5:00 - 5:30 P.M. SEPTEMBER 26, 1948 SUNDAY

No. 2 (65) - "LIGHT THE LAMP FOR ME"

WJZ - ABC - Sun. Sept. 26 1948 - 5:00 - 5:30 PM EDST
REH - - Fri Sept 24, - 1:30 - 3:30 PM Studio 2-D
Sun Sept 26 2:00 - 5:00 PM Studio 8-A

[Praeteritis pluries; futurus semel.]

[page 2]

CHAPPELL: Quiet, please.


CHAPPELL: Quiet, please.

(MUSIC ... THEME ... FADE FOR ...)

ANNCR: ABC presents "Quiet, Please!" which is written and directed by Wyllis Cooper, and which features Ernest Chappell.

"Quiet, Please!" for today is called "Light the Lamp for Me."

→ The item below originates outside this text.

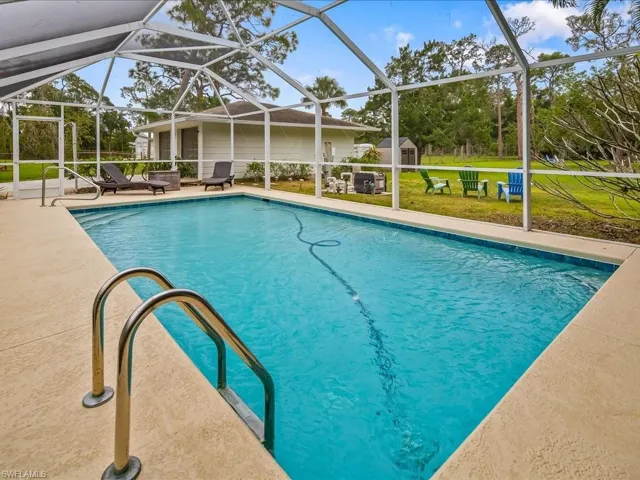 5272 Myrtle Ln, Naples, Florida 34113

(MUSIC ... THEME ... END ...)

MANFRED: They say that my historical books, my stories based upon happenings in the past, are extraordinarily vivid. They say they are minutely accurate; that they read as if I had actually been there and seen the happenings in person. They say that my descriptions of the early days of the California Missions, particularly of the San Fernando Mission, are more painstakingly detailed than even the contemporary accounts of the brown-robed Franciscans who lived and laboured, prayed and died, in the shadows of its adobe walls. And they wonder what undiscovered source material I alone have access to.

And now the time has come to tell.


Do you know San Fernando? La Misión San Fernando Rey de España?

With the statue of Father Serra beside the fountain in the Memory Garden across the road? The screen door that opens into the musty little office, and the sign that reads "Curios"?


And the arches of the cloister, where the cracked plaster shows the ancient 'dobe bricks? And the wrought iron bars on the windows, and the sheep-pen down at the end of the cloisters, where the surly old ram glowers at you through the wire?

Do you know the convento, and the glass cases of gold-threaded vestments against the walls; the old weapons, and the bridles and stirrups, and the utensils carved from wood? And the sagging old door frames, and the wooden steps, and the still-room?

Do you know the still-room, the distillery where the old monks made brandy from the sour wine of the Valley?

The remains of copper pipes, and vats, and an ancient still, and a wooden platform with steps, worn and eroded by time and countless foot-steps, priestly and secular. A cramped tall room, window-less and faintly odorous, on a damp day, of the spirit of the grape that was distilled there.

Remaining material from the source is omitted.